And while Mr. Lunny's lawyers maintain in the lawsuit that the Interior secretary was indeed bound by the legal provisions of NEPA and that his failure to adhere to that act was "arbitrary and capricious" as well as "an abuse of discretion," in a November 1 letter they pointed out that he was not bound by NEPA.

"...Section 124 includes a 'general repealing clause' that allows you to override conflicting provisions in other laws -- including NEPA -- to issue the (Special Use Permit)," wrote Ryan P. Waterman, an attorney with the firm of Stoel Rives that is representing Mr. Lunny, on Nov. 1 (attached below).

The lawsuit, filed in federal court in northern California, asks the court to either order Secretary Salazar to extend the oyster company's lease for 10 years or set aside his ruling and direct the Park Service to conduct a new DEIS and FEIS "that complies with all NEPA and other applicable substantive and procedural requirements to enable a new, neutral decision-maker to issue a NEPA-compliant (Record of Decision) allowing DBOC to continue to operate...."

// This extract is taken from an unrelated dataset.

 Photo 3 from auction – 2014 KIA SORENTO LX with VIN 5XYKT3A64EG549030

I think the oyster farm may stand a good chance of getting a temporary injunction. The basis would be that the 2009 Feinstein legislation specifically stated that the NAS report was to be strongly considered in making the decision. Salazar's memo made no mention of that report.

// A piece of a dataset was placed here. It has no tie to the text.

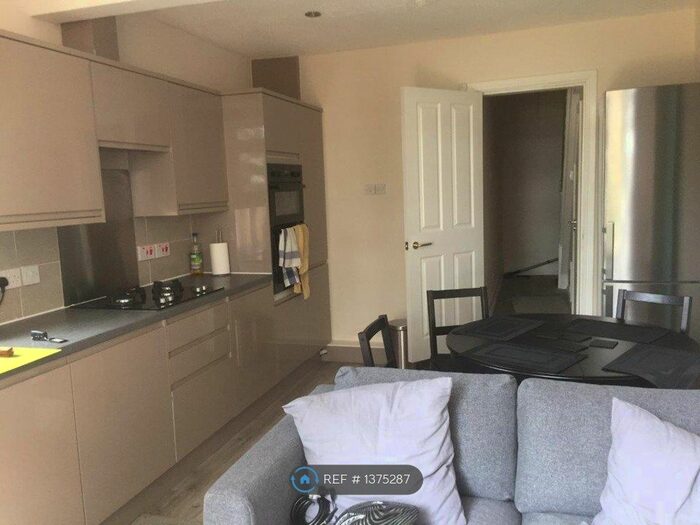 3 Bedroom Terraced House To Rent In Manor Farm Road, Southampton, SO18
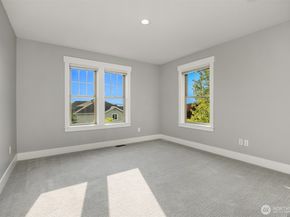 2989 NE Davis Loop, Issaquah WA 98029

Also - there is nothing in the 1976 Point Reyes Wilderness Act itself that says anything about the fate of Drakes Estero. The oyster farm isn't even mentioned. I know there were House reports, but I don't believe they carry the weight of the actual law. The lead author claims that it was never meant to kill the oyster farm - that it could remain potential wilderness indefinitely.

The other key issue is that the memo from Salazar directs the NPS Director to order the removal of the oyster racks and other oyster farm property from Drakes Estero. The oyster farm's attorneys state that only the State of California has that right. I don't believe they've weighed in yet. There is a California Fish and Game Commission meeting in San Diego in a week, and the oyster farm is on their agenda. I would expect Lunny will be there, as well as Neal Desai and Gordon Bennett. I watched previous meeting video, and the Commission members were skeptical that NPS had direct control over shellfish rights in Drakes Estero. One longtime Commission member noted that in 2004 the Commission added a provision to the oyster farm's state water bottom lease (due to NPS pressure) when it came up for renewal such that the lease was contingent on access to the NPS land where the shore operations sit. They put themselves in a holding pattern until they found out the Secretary of the Interior's decision. Now that the decision is here, they might make their move. I think there's a chance they decouple the water bottom lease from NPS land just to mess with NPS.

y_p_w: Any chance you might want to get in touch with a reporter who's been thinking about these issues for a couple of years? If so, give me a shout: Felicity Barringer, reachable at [email protected].

I don't know if I'm ready for anything on the record. I know nothing other than things I can readily look up on the internet.

YPW, you should contact the reporter. I've read your comments here and on SF gate, and it's well thought out. The one thing that still puzzles me is this: how will removing the oyster farm make the place better? Everybody's acting as if granting wilderness status to the bay will make the place so much better. It'll be the same water. Actually, that's not true, the water might actually not be as filtered without the oysters, but overall, the character of the place won't really change. The ecosystem is not impacted by the current oyster farm. Coming from the countryside, I don't see wilderness divorced from human activity, which is apparently what wilderness purists are looking for. I find it sad.


What's the basis for your assertion that "The ecosystem is not impacted by the current oyster farm"?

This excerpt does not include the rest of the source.